Seit ich 16 bin, arbeite ich. Auch am Morgen des 15. Augusts 2021 saß ich am Schreibtisch. Meine Kollegin kam ins Büro gelaufen: „Hörst du das?“, rief sie. Ich lauschte. „Nara-e-Takbir“‘, erst leise, dann immer lauter. „Nara-e-Takbir“, „Gott ist groß“. Es ist der Schlachtruf der Taliban, den sie nach siegreichen Attacken anstimmen. Sie hatten Kabul eingenommen und wir alles verloren, wofür wir in den vergangenen Jahre gekämpft hatten. 

Ich hatte Angst. Um mich, um die Menschen, die wir nun nicht mehr unterstützen konnten, um meine Familie.

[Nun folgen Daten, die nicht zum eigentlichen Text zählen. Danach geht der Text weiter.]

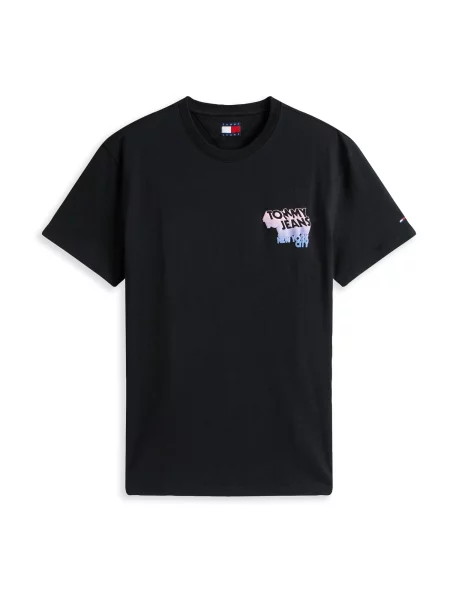 Tommy Jeans Tricou Stack Backprint negru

Ich hatte 13 Jahre lang für die Rechte von Frauen gekämpft, dafür gearbeitet, dass Mädchen zur Schule gehen konnten, und mich für Kinder in Jugendstrafanstalten eingesetzt, die zu Selbstmordattentäter:innen ausgebildet worden waren. Mein Mann hatte acht Jahre für USAID gearbeitet, die Institution der USA für Entwicklungszusammenarbeit.  

In den folgenden Wochen bekam ich gefakte E-Mails und Telefonanrufe. Man bot mir die Ausreise an oder einen guten Job. Ich müsse nur um eine bestimmte Uhrzeit an einen bestimmten Ort kommen. Jede Nachricht eine Falle. Natürlich ging ich nicht. 

Dafür kamen die Taliban. Zwei Mal durchsuchten sie unser Gebäude. Wir hatten Glück: Die versteckten Zeugnisse und Arbeitsdokumente fanden sie nicht. Aber ich wurde krank. Ich konnte nicht mehr schlafen, nicht mehr essen. Die Kolleg:innen von medica mondiale organisierten psychosoziale Unterstützung. Und sie suchten einen Weg für uns raus aus Afghanistan. 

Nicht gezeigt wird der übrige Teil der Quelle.